→ **Available data**:
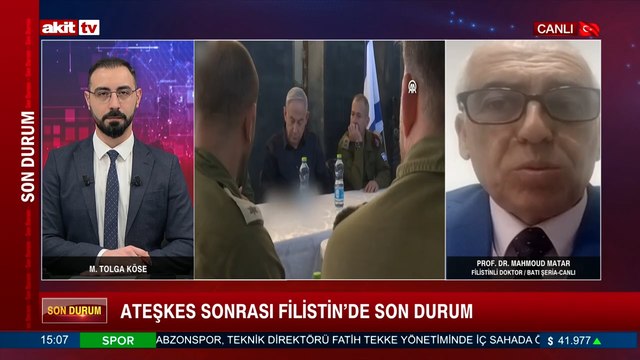 Prof. Dr. Mahmoud Matar: Ateşkes sonrası Filistin'de son durum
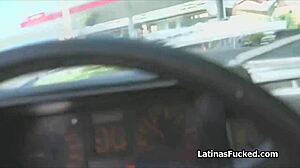 this no bra busty latina amateur enjoys rough hardcore fucking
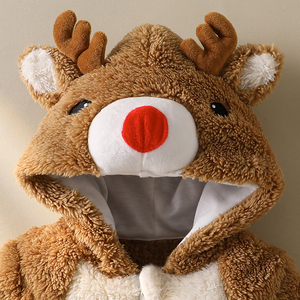 Combinaison pour bébé en forme <span class=keywords><strong>de</strong></span> <span class=keywords><strong>renne</strong></span> <span class=keywords><strong>de</strong></span> Noël TONWHAR pour l'automne et l'hiver, combinaison en tricot pour tout-petits - Product Image 3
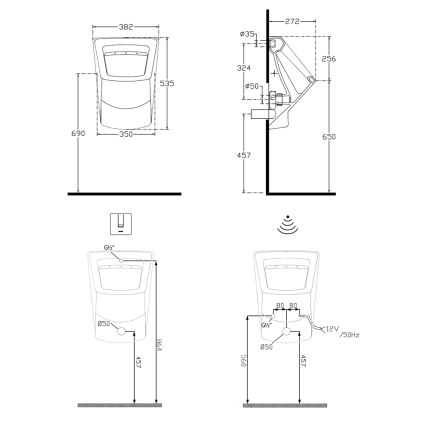 Isvea - Pisuar PURITY biały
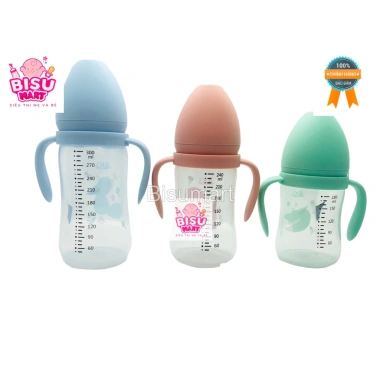 Bình Sữa Cổ Rộng PP AKI 180ml-300ml có tay cầm, tặng núm vú rộng - Giá ưu đãi 82.000₫ 7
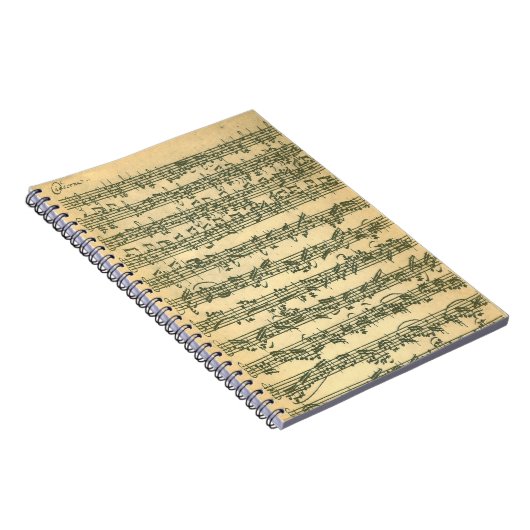 Bach Chaconne gewundenes Notizbuch Notizblock (Rechte Seite)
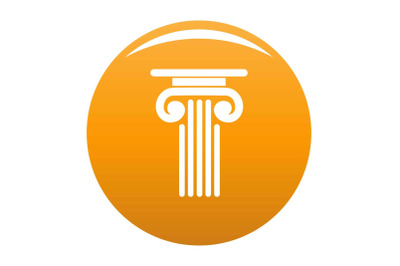 Outer column icon vector orange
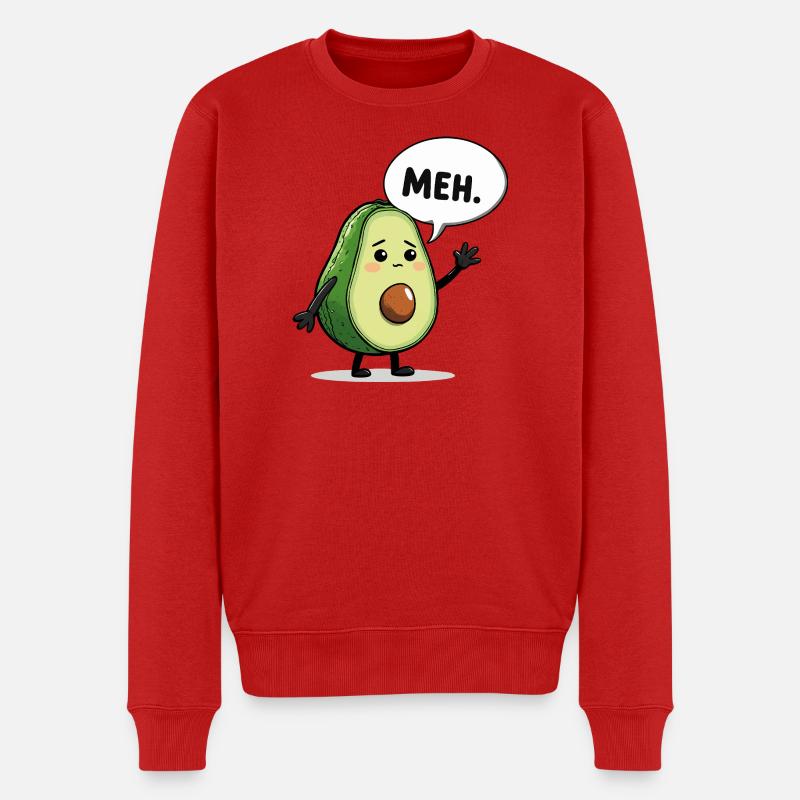 Avocado - Männer Premium Bio Pullover - Rot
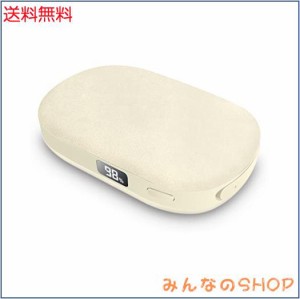 【2023冬新登場】Podick 充電式カイロ 8000mAh大容量 1台2役 モバイルバッテリー機能付き 3階段温度調節 5秒速熱 電気カイロ 両面発熱 PS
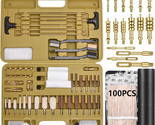 Universal Gun Cleaning Kit, with Mat and Case, Full Brass Jags, Rods and... - $92.63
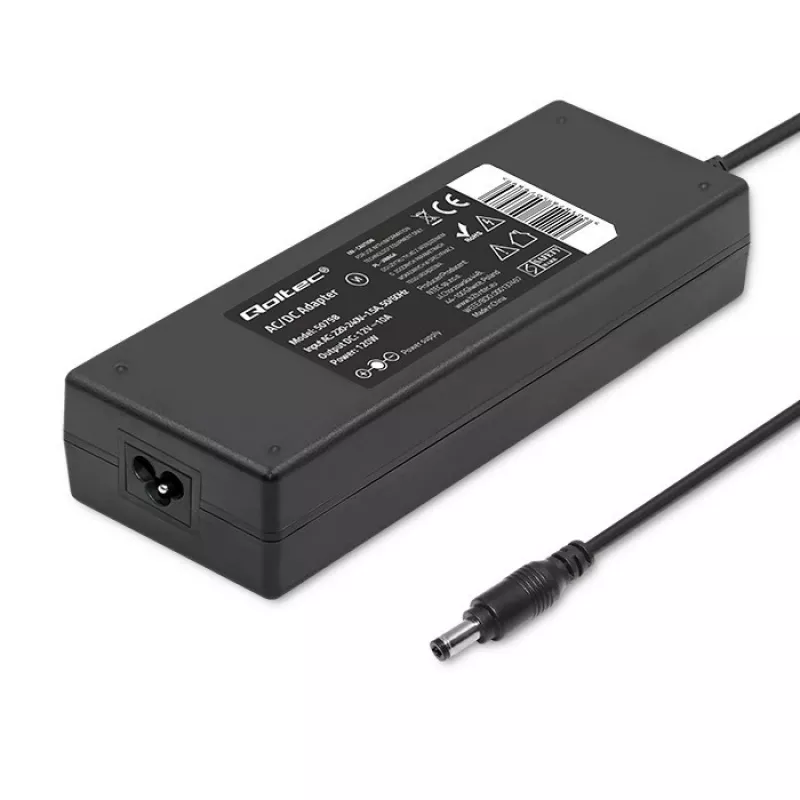 Qoltec 120W Desktop-Netzteil | 12V | 10A | 5,5*2,5 | + Netzkabel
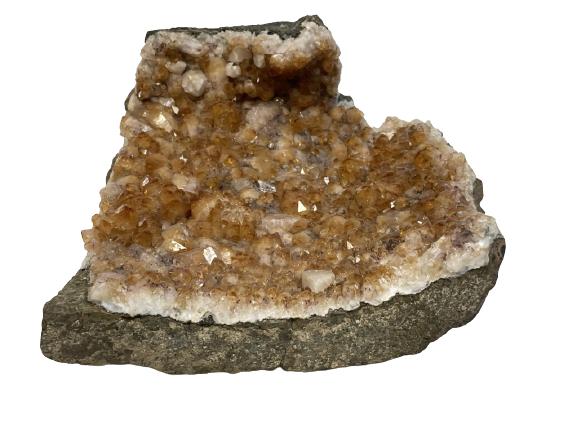 BROWN QUARTZ CRYSTAL GEODE 10" (1 of 7)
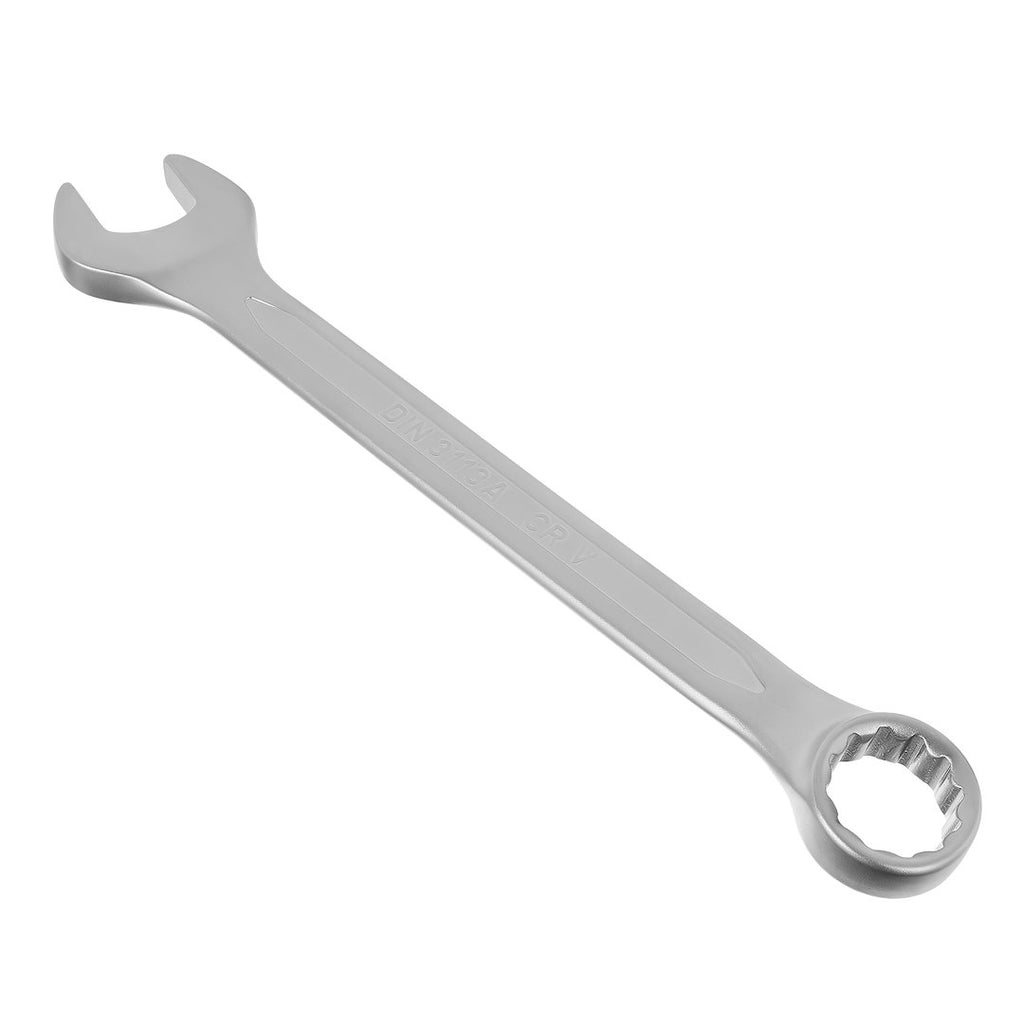Combination spanner, satin finish, CRV, cold-stamped, 26 mm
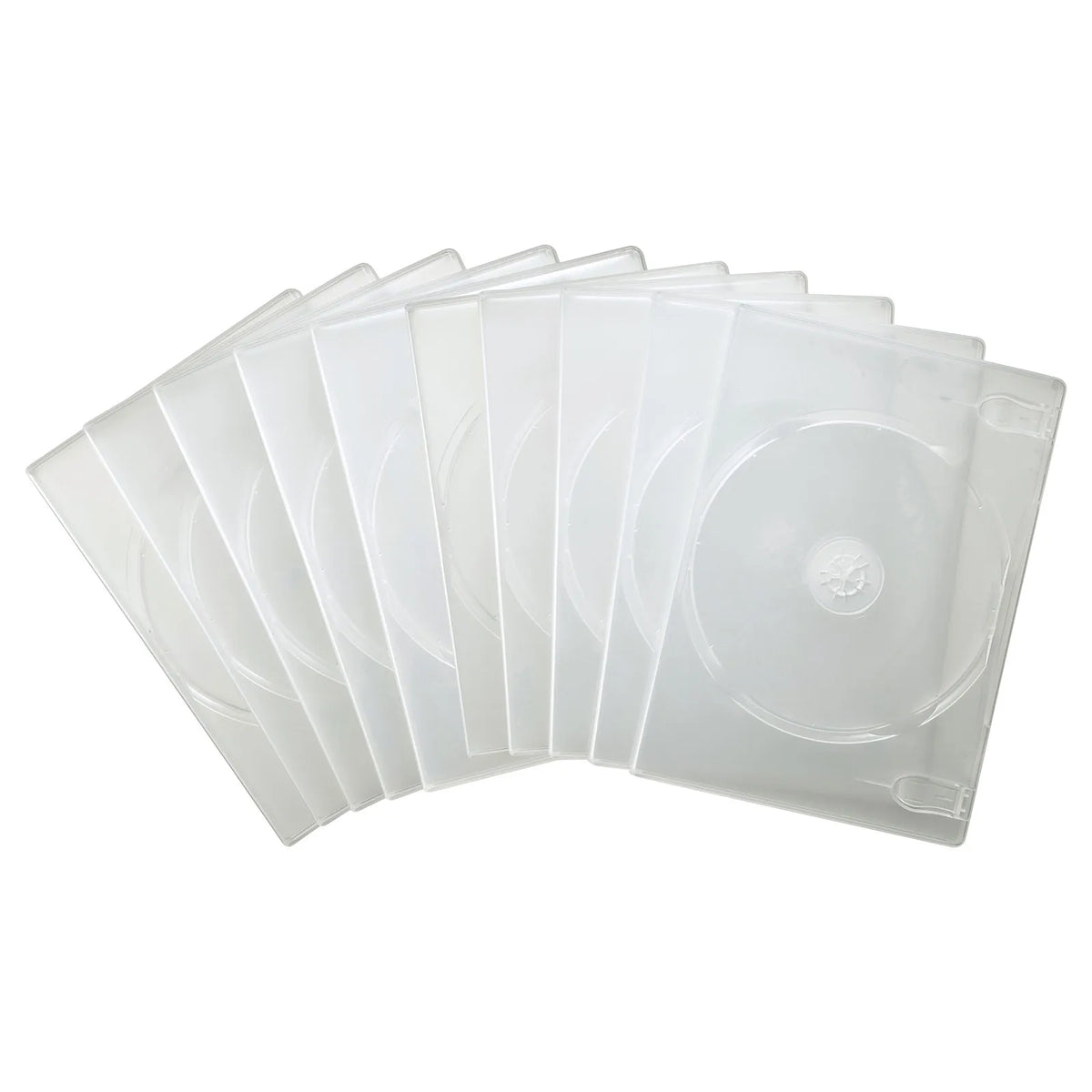 DVD Tall Case (Holds 2 Discs, 10-Pack, Clear) DVD-TN2-10CLN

→ **What needs to be done**: Please retype every record exactly, leaving the pictures out.

→ **Task answer**:
 Prof. Dr. Mahmoud Matar: Ateşkes sonrası Filistin'de son durum
 this no bra busty latina amateur enjoys rough hardcore fucking
 Combinaison pour bébé en forme <span class=keywords><strong>de</strong></span> <span class=keywords><strong>renne</strong></span> <span class=keywords><strong>de</strong></span> Noël TONWHAR pour l'automne et l'hiver, combinaison en tricot pour tout-petits - Product Image 3
 Isvea - Pisuar PURITY biały
 Bình Sữa Cổ Rộng PP AKI 180ml-300ml có tay cầm, tặng núm vú rộng - Giá ưu đãi 82.000₫ 7
 Bach Chaconne gewundenes Notizbuch Notizblock (Rechte Seite)
 Outer column icon vector orange
 Avocado - Männer Premium Bio Pullover - Rot
 【2023冬新登場】Podick 充電式カイロ 8000mAh大容量 1台2役 モバイルバッテリー機能付き 3階段温度調節 5秒速熱 電気カイロ 両面発熱 PS
 Universal Gun Cleaning Kit, with Mat and Case, Full Brass Jags, Rods and... - $92.63
 Qoltec 120W Desktop-Netzteil | 12V | 10A | 5,5*2,5 | + Netzkabel
 BROWN QUARTZ CRYSTAL GEODE 10" (1 of 7)
Combination spanner, satin finish, CRV, cold-stamped, 26 mm
 DVD Tall Case (Holds 2 Discs, 10-Pack, Clear) DVD-TN2-10CLN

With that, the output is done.